**Exercise requirements**
Return the records that follow, unchanged and complete.

### Data ###

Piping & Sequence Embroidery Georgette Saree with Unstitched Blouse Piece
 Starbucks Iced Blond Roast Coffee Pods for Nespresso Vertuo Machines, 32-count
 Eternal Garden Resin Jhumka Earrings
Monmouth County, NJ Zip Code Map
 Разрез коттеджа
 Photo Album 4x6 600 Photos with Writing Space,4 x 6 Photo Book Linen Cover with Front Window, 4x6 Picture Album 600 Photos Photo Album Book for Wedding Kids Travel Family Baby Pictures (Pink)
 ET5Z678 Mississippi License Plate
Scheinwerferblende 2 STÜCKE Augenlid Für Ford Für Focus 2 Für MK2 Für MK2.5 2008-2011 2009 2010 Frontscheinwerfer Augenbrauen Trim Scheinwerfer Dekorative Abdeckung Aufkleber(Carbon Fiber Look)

###

**Expected answer**
Piping & Sequence Embroidery Georgette Saree with Unstitched Blouse Piece
 Starbucks Iced Blond Roast Coffee Pods for Nespresso Vertuo Machines, 32-count
 Eternal Garden Resin Jhumka Earrings
Monmouth County, NJ Zip Code Map
 Разрез коттеджа
 Photo Album 4x6 600 Photos with Writing Space,4 x 6 Photo Book Linen Cover with Front Window, 4x6 Picture Album 600 Photos Photo Album Book for Wedding Kids Travel Family Baby Pictures (Pink)
 ET5Z678 Mississippi License Plate
Scheinwerferblende 2 STÜCKE Augenlid Für Ford Für Focus 2 Für MK2 Für MK2.5 2008-2011 2009 2010 Frontscheinwerfer Augenbrauen Trim Scheinwerfer Dekorative Abdeckung Aufkleber(Carbon Fiber Look)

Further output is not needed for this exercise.